Long acknowledged as the giant of nineteenth-century Canadian photography, William Notman – along with his sons and protégées – created perhaps the most vital and fecund photographic studio of his day, a venture that spanned almost sixty years and an entire continent. As the authors clearly demonstrate in this stunning new book, Notman's ambition did not expire at the Canadian border but continued far into the United States; and his photographs chronicled not only the nineteenth century but extended well into the twentieth. With studios in Boston and Albany (not to mention Montreal, Toronto, Ottawa, Halifax, and St. John), the Notman empire eventually encompassed some twenty-three associated studios, sixteen of which were in the United States. His was an enterprise active over the entire Northeastern United States and throughout Canada: in university and college towns, in resorts, in society, and even in promotional pieces for major insurance companies.
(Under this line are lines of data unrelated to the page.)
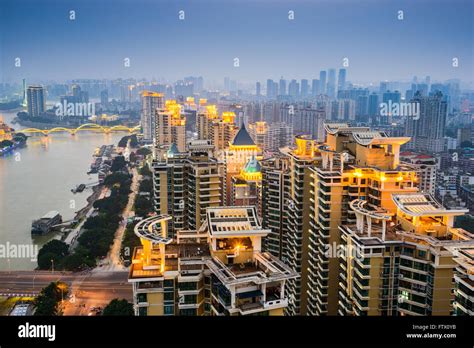 Fuzhou China Cityscape On The Min River Stock Photo Alamy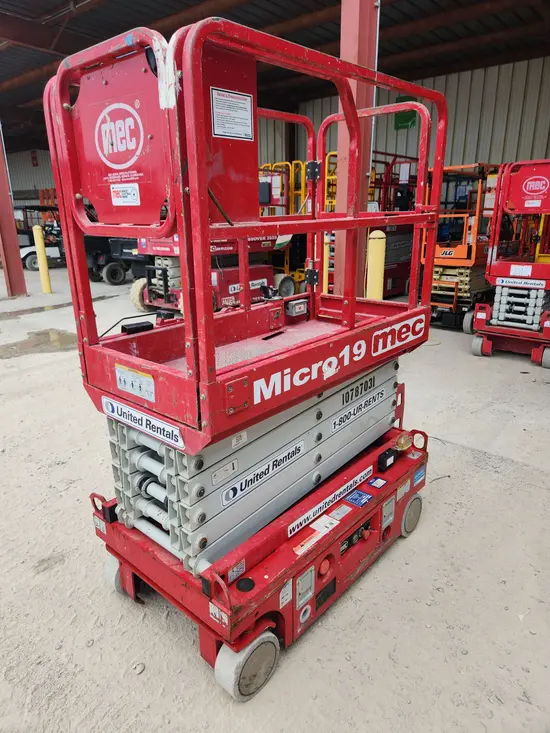 2018 MEC MICRO 19 Scissor Lift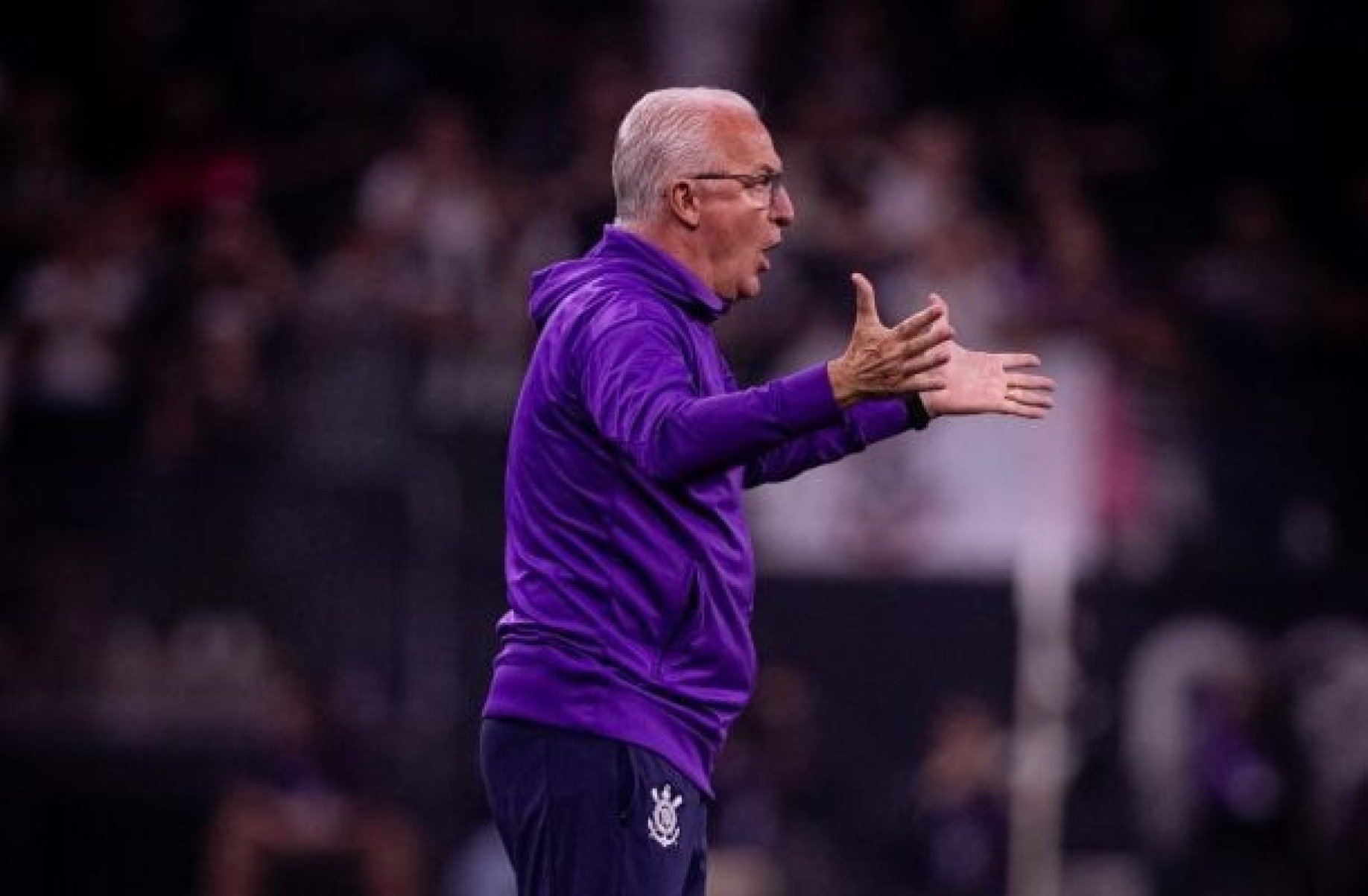 Corinthians completa um mês sem vencer no Brasileiro e liga alerta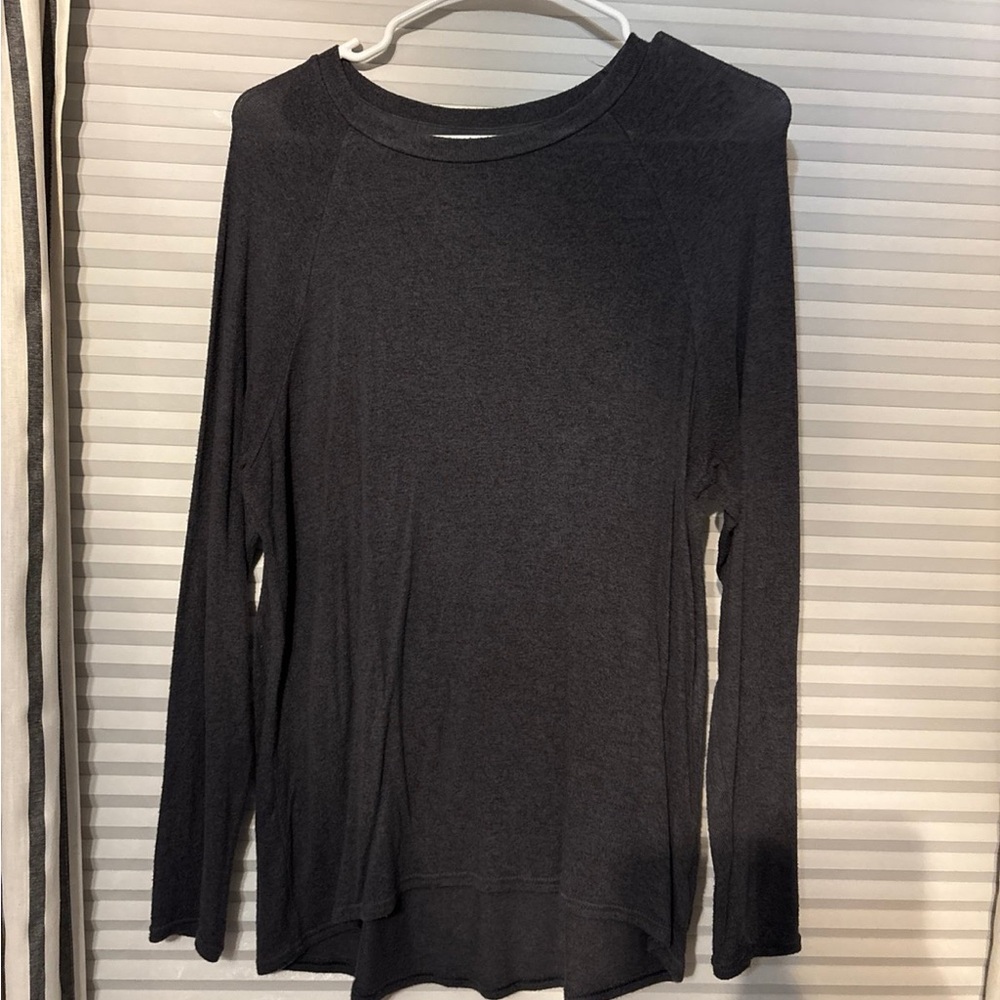 American Eagle Outfitters Charcoal Long Sleeve Tee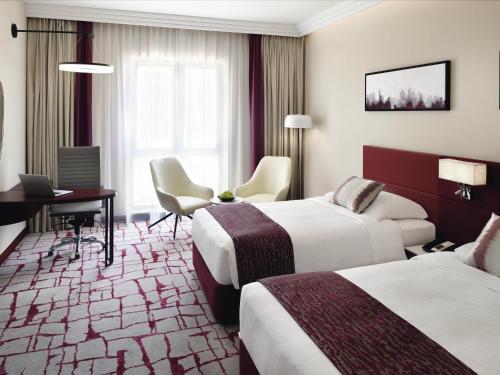 Mövenpick Hotel & Apartments Bur Dubai, Dubaj (zdjęcie 7)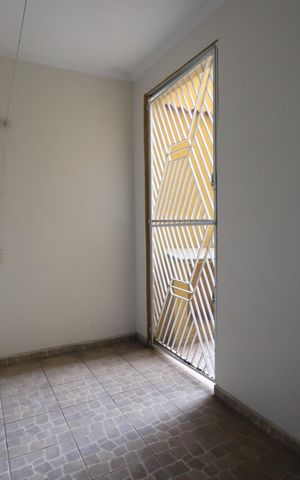 Casa à venda com 144m², 3 quartos e 2 vagasÁrea de Serviço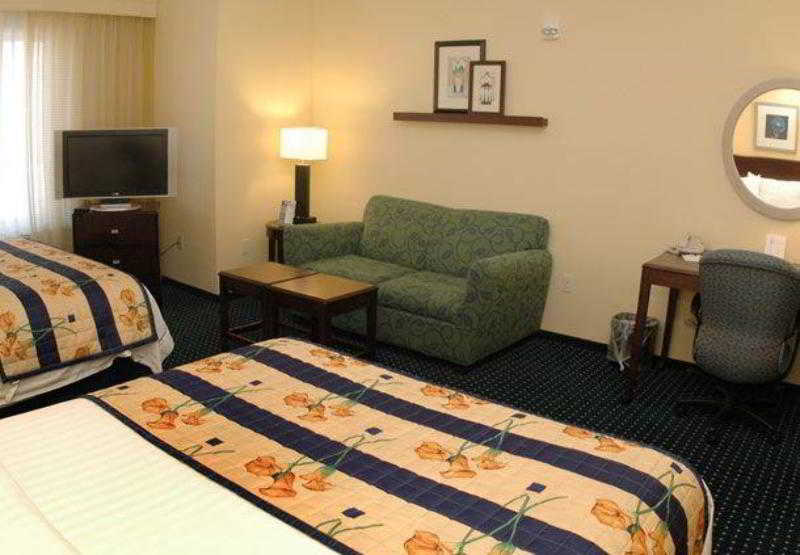 هتل Springhill Suites By Marriott Grand Rapids Airport Southeast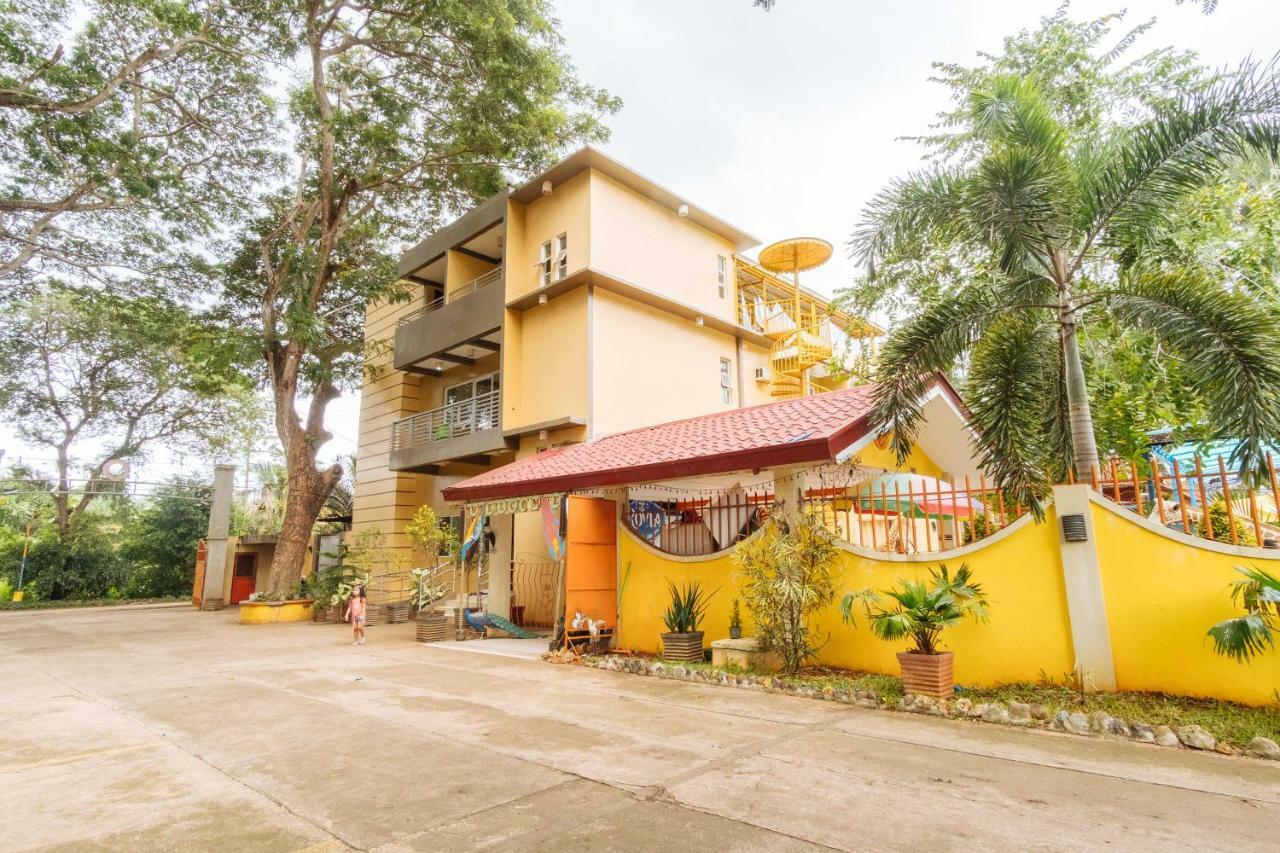 Reddoorz Premium @ Gabinete Road Palawan Hotel Puerto Princesa Exterior photo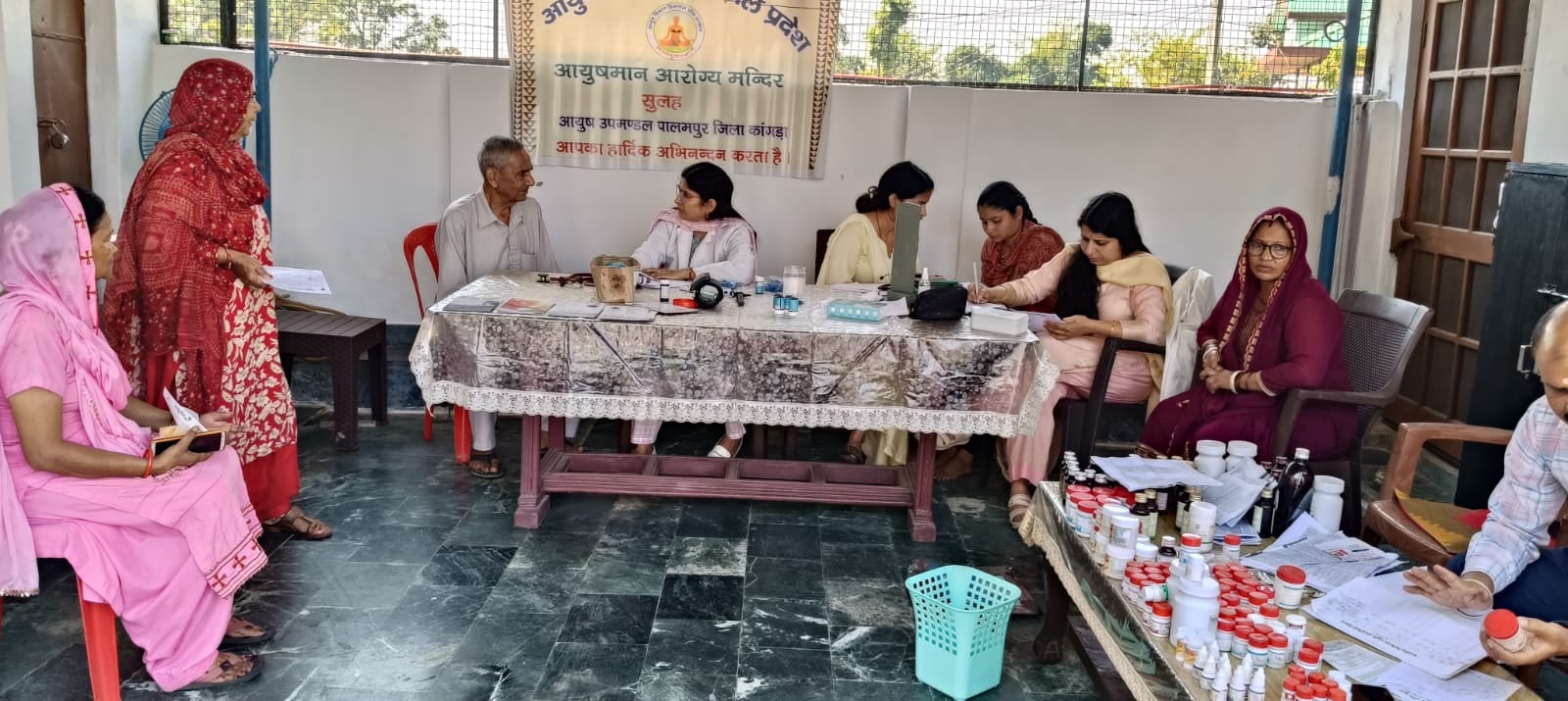 कोसरी में आयुर्वेदिक दिवस के उपलक्ष्य पर आयोजित मल्टीस्पेशलिटी कैंप में लोगों की स्वास्थ्य की ज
At its height, the worked of this family firm stretched from the Atlantic to the Pacific, and from the mid-1800s through the 1930s.
Here are Sitting Bull and Harriet Beecher Stower; here are views of paddleboats negotiating the St. Lawrence rapids and of the football match between Harvard and McGill in 1874. Here are the stately campuses of Yale, Dartmouth, Harvard, Bryn Mawr, Smith, and Amherst. Here is North America under construction, the bridges of Montreal, the schooners of Halifax, the spires of our churches, the proud capitals of our sovereign states and provinces.
Drawn from hundreds of thousands of images, impeccably printed in 300-line duotone on a heavy acid-free paper and bound in full cloth, this ambitious book records the face of North America in a way words cannot convey, providing a comprehensive view of the work on workings of one of the largest, finest, and longest-lived studios ever to record the people and places of North America.